I’d quite like to ask the ‘What if?’ question about the aforesaid incident at Anfield in 1983. For those unaware, here’s the background: League Cup semi-final, 1st leg. Liverpool, soon to be League and European Champions, versus Burnley, soon to be relegated to the Third Division. Liverpool are in their glorious heyday – Grobbelaar, Hansen, Lawrenson, Souness, Dalglish, Rush – the team oozes class. The Clarets are bumping along the bottom of the Second Division. A pre-season decision to sign no defensive cover has reaped a disastrous crop of away defeats and home draws, Burnley almost invariably unable to keep the opposition out. No contest? Don’t you believe it!

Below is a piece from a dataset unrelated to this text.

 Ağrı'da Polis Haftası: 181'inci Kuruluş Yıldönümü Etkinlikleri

An even start gave way to drama when our long-serving midfielder Derek Scott was put clean through on goal. With only Grobbelaar to beat, he fluffed his lines badly, shooting straight at the Liverpool keeper. That was frustrating enough. But there was worse to come for the thousands of Clarets squeezed onto the away terrace.

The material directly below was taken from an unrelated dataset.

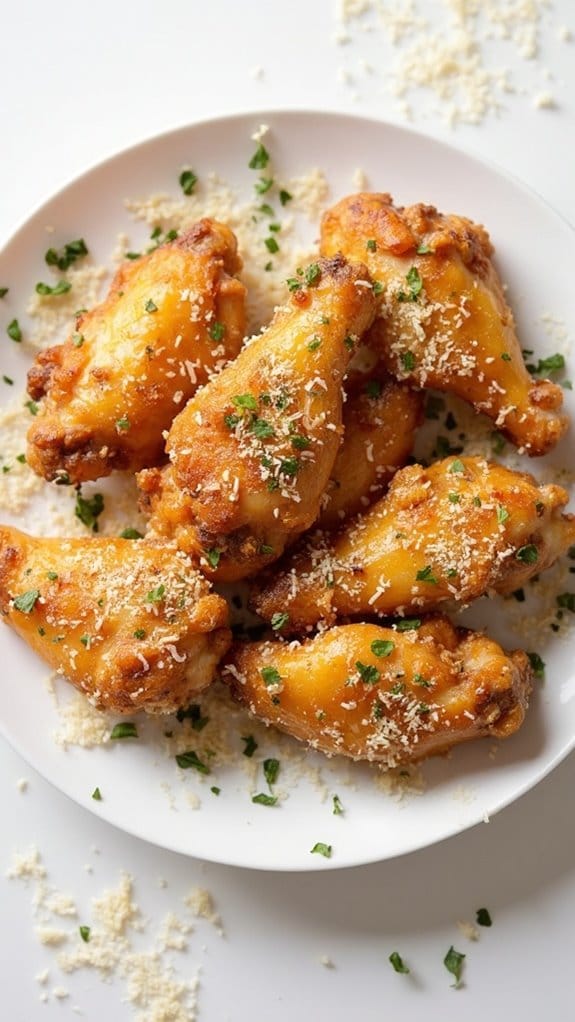 garlic and parmesan chicken wings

With the travelling Clarets immediately to his right, Scott regained possession and chose to run at the Liverpool defence. He got past Lawrenson and this time, instead of shooting, had the presence to take the ball round Grobbelaar as well. The massed ranks of Clarets inhaled deeply with the expectation that they were about to witness Burnley taking the lead in a Cup semi-final at Anfield. The awesome Kop stood in the distance, silent and unbelieving. It had to be a goal. Facing an open goal at a comfortable angle, Scott struck the ball.

He put it wide.

Immediately after his first effort – the one he had driven straight at Grobbelaar – I had wondered about the pandemonium that would occur if Burnley were to score that night. We were packed in so tightly that it seemed impossible that someone would not get hurt in such a melee. As Scott rounded Grobbelaar, a gleeful electricity swept through us, the anticipation of knowing that joyous hell is about to break loose. I have, to this day, never seen Burnley score at Anfield. I was there in February 1979 - my first quite literally breathtaking ‘big crowd’ occasion - when nearly 50,000 attended an evening F.A Cup 5th round tie. That night, two stupendous Ray Clemence saves prevented Peter Noble giving the Clarets the lead. That was fair enough - Clemence was a world-class keeper and that’s what world-class keepers do. And to be fair to Derek Scott, his worth to the Burnley team was measured in the currency of endeavour, not goals. But he should have scored. He should have given me a scent of that Elysian field, a chance to dream the unimaginable.

For who could say that Burnley would not have gone on to Wembley that season if Scott had taken his chance? Despite poor League form, the Clarets had battled through five rounds of the League Cup, defeating three First Division teams (two away from home) and scoring twenty-one goals in the process. It was the form of a team whose name was, however incongruously, on the Cup. In the Final, Burnley would have met an off-the-boil Manchester United. I’m sure that our World Cup striker Billy Hamilton would have had no bother popping a couple past Gary Bailey, and Trevor Steven would have emerged as the world-class midfielder that he genuinely was.

To bring the article full-circle, it was the relegation that season that precipitated the reign of John Bond. That all was not well under the Cheshire commuter was plain to see as the Clarets went in search of League Cup glory once more. Bond’s Burnley fell spectacularly at the first hurdle as Fourth Division Crewe tore the Clarets apart at Turf Moor. By half time of the second leg, they led the tie by five clear goals. This truly pathetic display came just seven months after that clash at Anfield where Burnley had thrilled us all by taking on the best in Europe and so nearly prevailing.